2) under inert atmosphere protection, rise to 210 ℃ to temperature, and be incubated 20 minutes, to room temperature, with the reaction mixture spinning, obtaining diameter is that 2~4 nanometers, length are the adulterated ZnO superfine nano of the Sn line of 100~300 nanometers with the water-bath cooled reaction solution.
Embodiment 4
1) eicosane that takes by weighing 1mmol Zinc tetradecanoate, 0.15mmol tin laurate (mol ratio is 100: 15), 7mmol amino dodecane and 15ml places the 50ml reaction flask, and under inert atmosphere protection, magnetic agitation is warming up to 160 ℃, is incubated 30 minutes then.

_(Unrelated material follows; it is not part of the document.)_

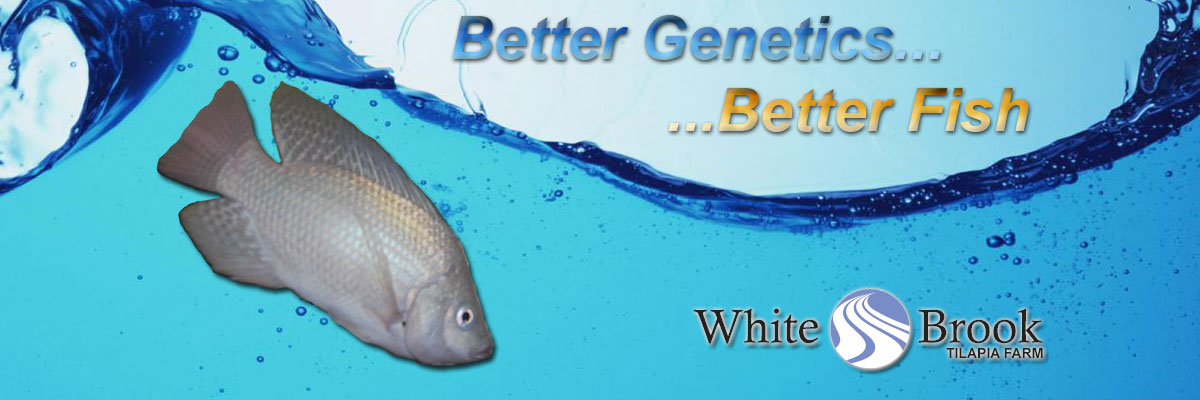 Better Genetics Better Fish Tilapia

2) under inert atmosphere protection, rise to 280 ℃ to temperature, and be incubated 120 minutes, to room temperature, with the reaction mixture spinning, obtaining diameter is that 5~8 nanometers, length are the adulterated ZnO superfine nano of the Sn line of 100~700 nanometers with the water-bath cooled reaction solution.
Embodiment 5
1) octadecane that takes by weighing 1mmol zinc oleate, 0.25mmol lenoleic acid tin (mol ratio is 4: 1), 10mmol octylame and 15ml places the 50ml reaction flask, and under inert atmosphere protection, magnetic agitation is warming up to 110 ℃, is incubated 30 minutes then.
2) under inert atmosphere protection, rise to 230 ℃ to temperature, and be incubated 40 minutes, to room temperature, with the reaction mixture spinning, obtaining diameter is that 3~5 nanometers, length are the adulterated ZnO superfine nano of the Sn line of 100~250 nanometers with the water-bath cooled reaction solution.
Claims (6)
1. the compound method of the adulterated ZnO superfine nano of a Sn line is characterized in that may further comprise the steps:
1) be that 200~350 ℃ organic solvent mixes and to place reactor drum with fatty acid zinc, lipid acid tin, aliphatic amide and boiling point; Stir at the inert protective atmosphere lower magnetic force; Be incubated 1~1000 minute after being warming up to 50~200 ℃; Fatty acid zinc: the mol ratio of lipid acid tin is 1: 1~100: 1, aliphatic amide: the mol ratio of the total amount of fatty acid zinc and lipid acid tin is 1: 1~20: 1;
2) under inert protective gas, be heated to 200~350 ℃ then, be incubated 1~1000 minute, be cooled to room temperature;
3), obtain the adulterated ZnO superfine nano of Sn line with the reaction product spinning;
The adulterated ZnO superfine nano of described Sn line has hexagonal wurtzite structure, and the diameter of nano wire is 1~10 nanometer, and length is 2~10000 nanometers.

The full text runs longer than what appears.